Figure 1. Introduction of point mutations into the rice ALS locus via clustered regularly interspaced short palindromic repeats (CRISPR)/CRISPR-associated protein 9 (Cas9)-mediated gene targeting (GT) with an all-in-one vector. (A) Schematic diagram of the all-in-one GT vector for modification of the rice acetolactate synthase (OsALS) locus. The vector carries two sgRNA expression units (OsU6::sgOsALS_W548 and OsU6::sgOsALS_S627), SpCas9 expression cassette (maize ubiquitin promoter::OsADH 5′UTR-SpCas9-SV40 NLS::terminator), selection marker (CaMV35S promoter::hpt::terminator), and GT donor template (ca. 700 bp) containing a partial OsALS coding sequence with W548L and S627I mutations. (B) CRISPR/Cas9-mediated GT strategy in rice. (1) The all-in-one GT vector was integrated into the host genome via Agrobacterium-mediated transformation. (2) Following the expression of CRISPR/Cas9 from the GT vector on the genome, a double-strand break (DSB) was induced at the target site during the selection of transgenic cells. (3) Repair of DSB via homologous recombination (HR) between the target gene and GT donor then introduces the desired mutations into the target gene. The primer sets used for cleaved amplified polymorphic sequence (CAPS) analysis that identify transgenic calli in which a GT event occurred at the OsALS locus are shown as black arrows. (C) Nucleotide sequences of the OsALS gene in wild-type (top) and regenerated plants from OsALS-GT RS-1_B calli (bottom). Target sites of sgRNA are underlined, W548L and S627I mutations via GT are in red, and the recognition sites of MfeI (CAATTG) used for CAPS analysis are in italics.

TABLE 1

Table 1. Summary of gene targeting (GT) experiments targeting OsALS locus using an all-in-one GT vector.

TABLE 2

Table 2. Inheritance of target mutations and segregation of an all-in-one gene targeting (GT) vector in T₁ plants.

FIGURE 2

Figure 2. Functional analysis of modified OsALS gene in T₁ progeny. (A) Genomic structure of wild-type OsALS locus (top) and the modified OsALS locus in T₁ plants from OsALS-GT RS-1_B calli (bottom). The primer sets used for cleaved amplified polymorphic sequence (CAPS) analysis are shown as black arrows. (B) CAPS analysis with genomic DNA of wild type, T₀ regenerated plants, and T₁ progeny of OsALS-GT RS-1_B using OsALS-specific primers shown in (A). PCR fragments were digested with (lower) or without (upper) MfeI (MfeI + and –, respectively). (C) Southern blot analysis with the hpt-specific probe using MfeI-digested genomic DNA of wild type, T₀ regenerated plants, and T₁ progeny of OsALS-GT RS-1_B. (D) Herbicide bispyribac (BS)-tolerant phenotype of T₁ plants of OsALS-GT RS-1_B.

TABLE 3

Table 3. Summary of gene targeting (GT) experiments targeting the OsALS locus without clustered regularly interspaced short palindromic repeats (CRISPR)/CRISPR-associated protein 9 (Cas9)-mediated double-strand break (DSB) induction.

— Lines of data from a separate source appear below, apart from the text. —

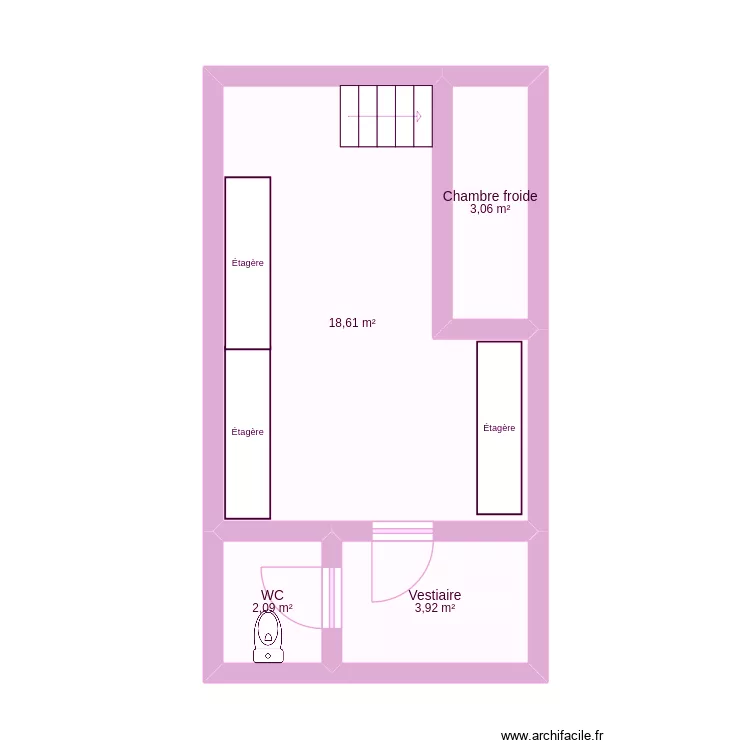 etage. Plan de 4  et 28 m²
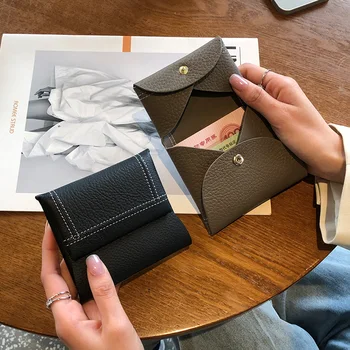 Jednostavan kratki ženski novčanik u retro stilu, kožni dvostruka novčanik za kovanice, slatka držač za kartice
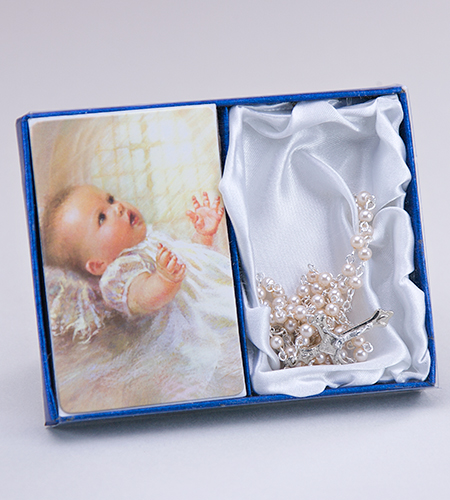 Pearl Baptismal Rosary & Prayercard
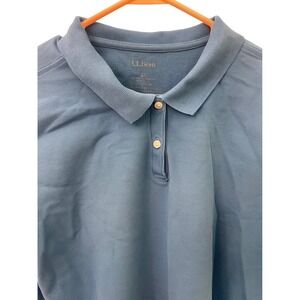 LL Bean 2X Blue Short Sleeve Polo Shirt Classic Casual‎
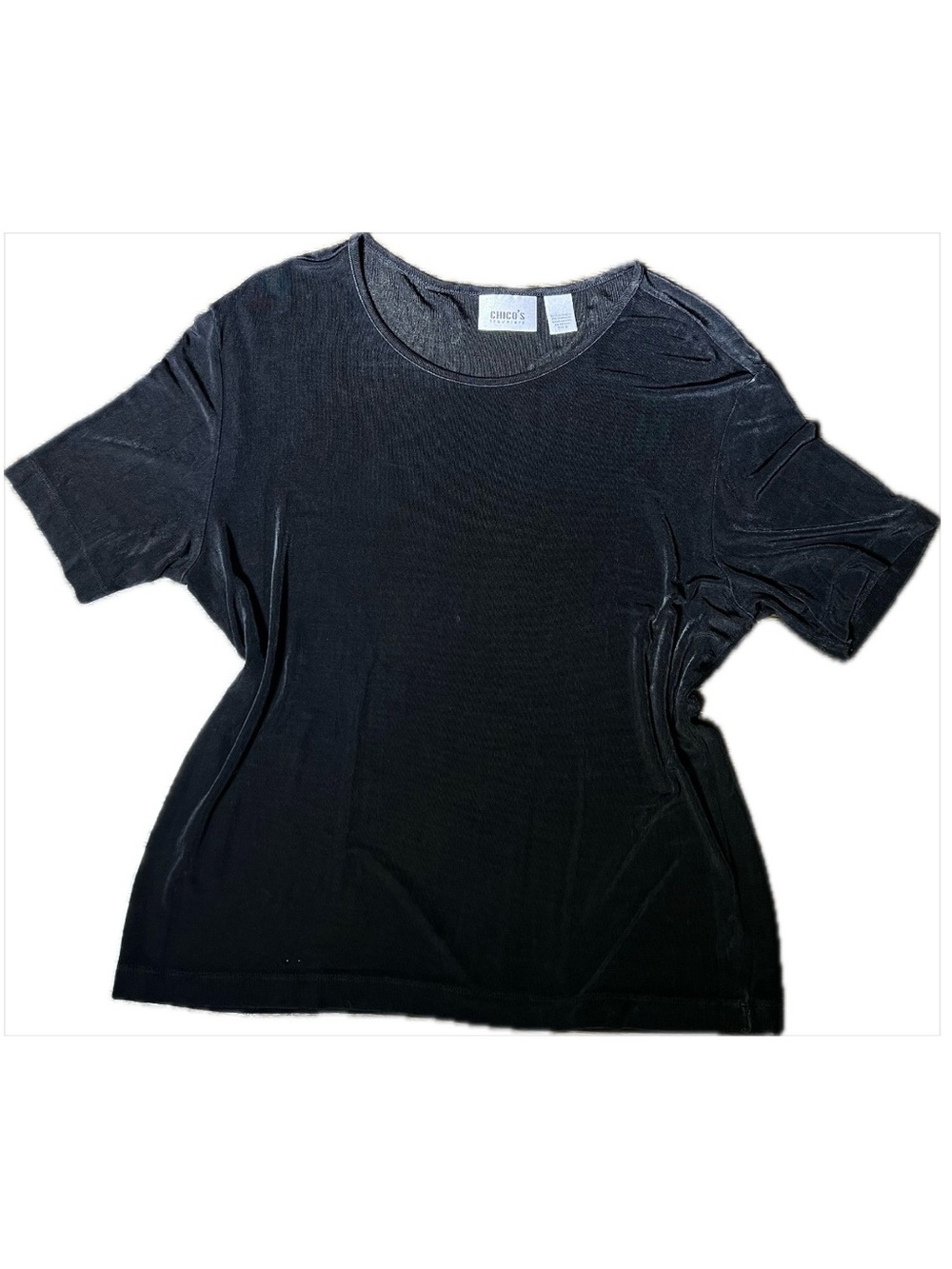 Chico’s Travelers Vintage Black Scoop Neck T-Shirt Acetate Spandex Size 2 Large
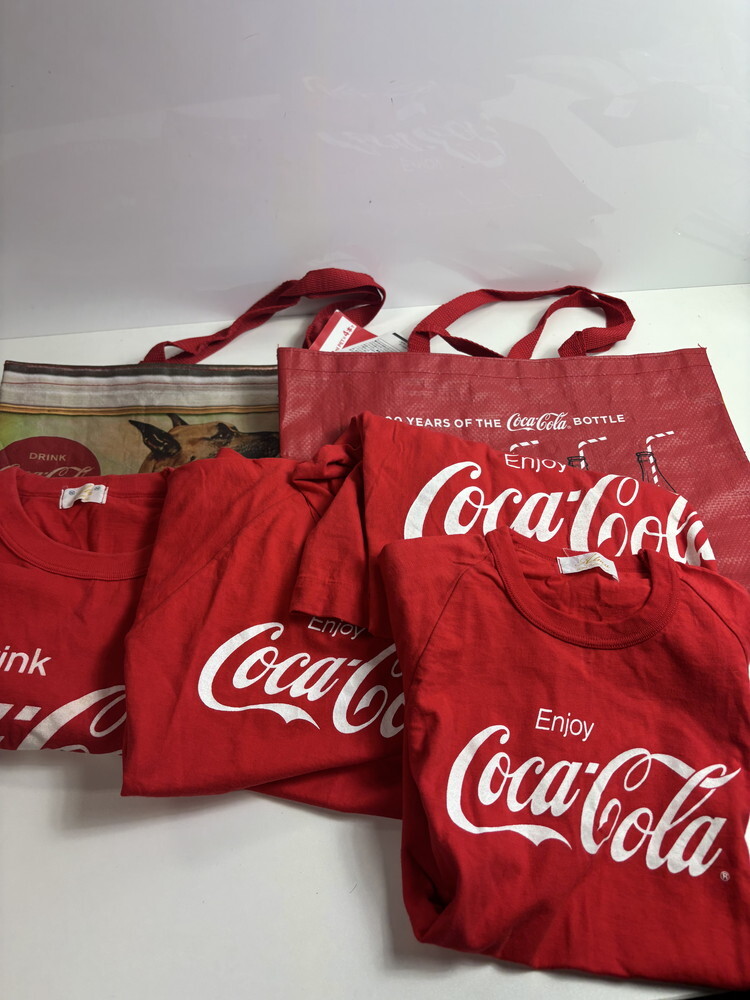ICH【中古美品】コカ・コーラ トートバック 100周年 Tシャツ キッズサイズ Lサイズ 5点セット ALMA JAPAN〈170-250903-HN-04-ICH〉拍卖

To confirm that CRISPR/Cas9-mediated GT with an all-in-one vector is a universal approach in rice, we applied this approach to modify the microRNA miR172 targeting site of the rice cleistogamy 1 (OsCly1) gene (Chen, 2004; Nair et al., 2010)—a model gene for GT experiments in rice in our hands (Nishizawa-Yokoi et al., 2015). The miR172 targeting site of the OsCly1 gene was edited by GT, producing a recognition site for the restriction enzyme XbaI, allowing isolation of GT cells by CAPS analysis (wild-type: CTGCAGCATCATCACGATTCC, GT: CTGCAGCgTCATCtaGATTtC, XbaI site in italics), with no change to amino acid sequences (Figure 3A). CAPS analysis revealed that each of two independent lines of 768 hygromycin-resistant calli were GT lines, with treatment with DMSO (OsCly1-GT DSMO_B1 and B2) as a control or RS-1 (OsCly1-GT RS-1_A1 and A2), respectively, indicating that the GT frequency was 0.26% in each experimental group (Table 4). Regenerated plants were obtained from these GT lines, and the genotype of the OsCly1 gene was analyzed by CAPS and sequencing analysis. Out of 24 regenerated plants from OsCly1-GT RS-1_A1 and A2 callus lines, nine (40%) and 12 (50%), respectively, were true GT plants containing the desired GT-mediated mutations and CRISPR/Cas9-mediated indels in each allele of the OsCly1 gene, while all regenerated plants from OsCly1-GT DSMO_B1 and B2 callus lines lacked GT-mediated point mutations in the OsCly1 locus (0/24) (Supplementary Table 3). All GT plants from the OsCly1-GT RS-1_A1 line (9/9) contained an identical mutation pattern (mutations via GT/4 bp deletion) in the OsCly1 gene (Figure 3B), while different mutation patterns were observed between individual GT plants from the OsCly1-GT RS-1_A2 line. These different mutation patterns were classified into three groups (mutations via GT/4 bp deletion, mutations via GT/1 bp insertion, and mutations via GT/2 bp insertion) (Figure 3B). Furthermore, we verified that progeny plants carrying biallelic GT-mediated point mutations in the OsCly1 gene and lacking the all-in-one vector could be obtained via genetic segregation (Supplementary Figure 2).

FIGURE 3

Figure 3. Modification of the miR172 targeting site of the rice Cly1 gene via clustered regularly interspaced short palindromic repeats (CRISPR)/CRISPR-associated protein 9 (Cas9)-mediated gene targeting (GT) with an all-in-one vector. (A) Genomic structure of the OsCly1 gene locus and schematic of the all-in-one GT vector. Black arrows indicate the primer set for cleaved amplified polymorphic sequence (CAPS) analysis to identify transgenic cells carrying a GT-modified OsCly1 gene. (B) Nucleotide sequences of the OsCly1 gene in wild-type (top) and regenerated plants from OsCly1-GT RS-1_A1, A2#1, A2#2, A2#3 calli. Target sites of sgRNA are underlined, point mutations introduced by GT are in red, recognition sites of XbaI (TCTAGA) used for CAPS analysis are in italics, miR172 targeting site are in blue, and insertional mutations are noted in lowercase letters and gray highlights.

TABLE 4

Table 4. Summary of gene targeting (GT) experiments targeting miR172 site of OsCly1 gene using an all-in-one GT vector.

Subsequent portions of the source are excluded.